Harriet is 11 going on 30. Her mixed-media art is a source of wonder to her younger brother, Irwin, but an unmitigated horror to the panoply of insufficiently grown-up grown-ups who surround her. She plans to run away to Algonquin Park, hole up in a cabin like Tom Thomson and paint trees; and so, to fund her escape, she runs errands for the seniors who inhabit the Shangrila, the decrepit apartment building that houses her fractured family.
Determined, resourceful, and a little reckless, Harriet tries to navigate the clueless adults around her, dumpster dives for the flotsam and jetsam that fuels her art, and attempts to fathom her complicated feelings for Irwin, who suffers from hydrocephalus. On the other hand, Irwin’s love for Harriet is not conflicted at all. She’s his compass. But Irwin himself must untangle the web of the human heart.
Masterful and piercingly funny, Strube is at the top of her considerable form in this deliciously subversive story of love and revelation.
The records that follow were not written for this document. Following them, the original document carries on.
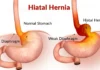 Menene Hiatal Hernia?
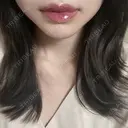 口唇縮小術 くさのたろうクリニック DAY 13 サムネイル用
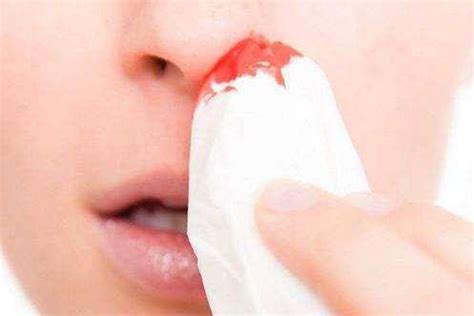 为什么鼻子总爱出血?鼻部或全身疾病所致(鼻腔血管破裂) - 探秘志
Cordelia Strube is an accomplished playwright and the author of nine critically acclaimed novels, including Teaching Pigs to Sing, Lemon, and On the Shores of Darkness, There Is Light. Winner of the CBC literary competition and a Toronto Arts Foundation Award, she has been nominated for the Governor General’s Award, the Trillium Book Award, the W.H. Smith/Books in Canada First Novel Award, and the Prix Italia, and longlisted for the Scotiabank Giller Prize. A two-time finalist for ACTRA’s Nellie Award celebrating excellence in Canadian broadcasting, she is also a three-time nominee for the ReLit Award.